Review: Austin Butler does 'Elvis' proud with the grit and grace of his performance
"If he doesn’t get an Oscar for this, I will eat my own foot."
"If he doesn't get an Oscar for this, I will eat my own foot."
That's not me talking. Those words come from Elvis Presley's daughter Lisa Marie Presley in reference to Austin Butler, the electrifying new star who plays her father in Baz Luhrmann’s bejeweled battering ram of a biopic, "Elvis," out in theaters this week.
Butler also has Presley’s ex-wife Priscilla in his corner. If you suspect all this family support means Luhrmann’s impressionistic, pop-cultural opera isn’t telling the whole truth and nothing but about the rock legend, who died at 42 in 1977 but still reigns as King -- you’d be right.
Even at two hours and 39 minutes, "Elvis" never seems to probe deep enough into the heart one of the greatest performers of the 20th century. But Luhrmann, the visual virtuoso of "Romeo+Juliet," "Moulin Rouge" and "The Great Gatsby," never misses a chance to wow us with sights and sounds that would have appealed to Elvis' own flamboyant sense of showmanship.
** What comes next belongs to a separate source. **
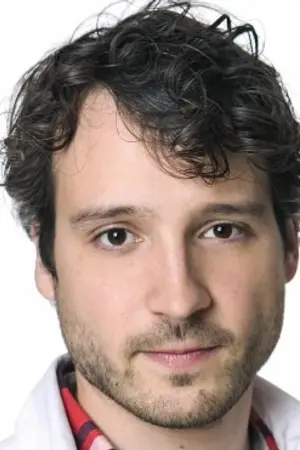 Christopher Parren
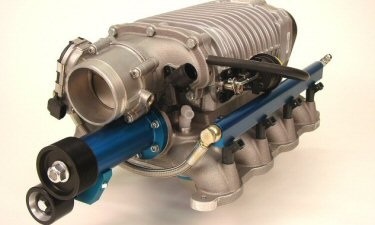Supercharger!;) *Update 20/03/13* 1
Nothing puts Butler in the shade, not even the glittering brilliance of the costumes and production design by Catherine Martin, Luhrmann's wife. He does his own singing as the young Elvis with his voice later blended with that of the real Elvis. Butler, 30, who started out in TV ("The Carrie Diaries") and on the periphery of Quentin Tarantino's "Once Upon a Time in Hollywood," seizes the role of his career in "Elvis" and rides it to glory.
Butler also shares the screen with another legend, Tom Hanks, who plays Colonel Tom Parker, the malevolent manager who devoted his life to controlling his most famous client and took half of his earnings in the process. "We are the same, you and I," Parker drawls, at one point in the movie. "We are two odd, lonely children, reaching for eternity."
Hardly.
Parker, who was born Andreas Cornelis van Kuijk, was a former carnival barker who entered the U.S. from the Netherlands unlawfully and kept Elvis from touring overseas out of fear his own past would be uncovered. Hanks, in a fat suit, facial padding and an accent Parker tried to pass off as Southern, gives his all to a role that the script sadly fails to develop.
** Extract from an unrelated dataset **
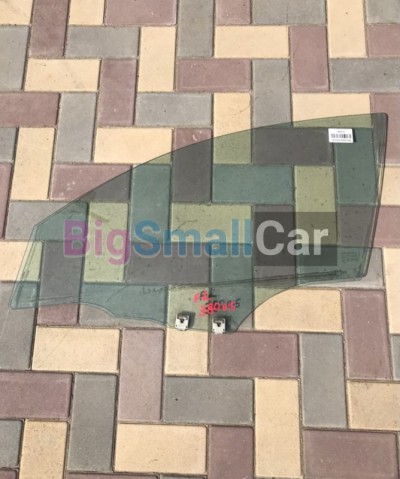 Переднее левое стекло мазда 3 бк - купить Горном Ерике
There is some effort made to show how Elvis culturally appropriated the Black roots music that inspired him growing up in Tupelo and Memphis, Tennessee. And Luhrmann pushes hard -- his default mode -- for contemporary relevance by mixing Elvis hits with rap, hip-hop, country and dance beats.
Elvis ignited a cultural rebellion fired by his hip-swiveling gyrations to the devil’s music -- so labeled by the fundamentalist Christians at that time -- that inflamed teen girls and a lot of boys. "The way you sing is God-given," mama Presley, Helen Thomson, says in once scene, "so there can’t be nothin' wrong with it." Moral watchdogs disagreed.
Parker quickly tries to defuse public outrage by having Elvis cut his hair, join the Army and appear in family-friendly movies. It's not until a 1968 TV comeback special that a leather-clad Elvis rebels against the Colonel by bringing his political passion, incited by the assassinations of Robert Kennedy and Martin Luther King Jr., into his music ("If I Can Dream").
The singer's physical decline, worsened by pills he used to get through Vegas engagements arranged to pay Parker's gambling debts, is conveyed to devastating effect by Butler. What a shame, then, that the movie's emphasis on Parker cheats us of the time Elvis spent with Priscilla (an underused Olivia DeJonge). "I never made a classic film I could be proud of," Elvis tells her.
Maybe so. With the exception of 1964’s vibrant "Viva Las Vegas," Elvis' 33 films are trifles. Still, you can see his latent acting talent in "King Creole," "Jailhouse Rock" and "Flaming Star." And Butler, a real-deal actor, makes that untapped potential palpable as he catches Elvis in the exhilarating act of inventing himself before being caught in the trap of his own celebrity.
Though Luhrmann's "Elvis" looks unlikely to achieve classic status as a film -- it keeps tripping on its own excess and the intrusion of the Colonel -- Butler does Elvis proud with the grit and grace of his performance. A star is born in Butler. Like Elvis, you can's take your eyes off him.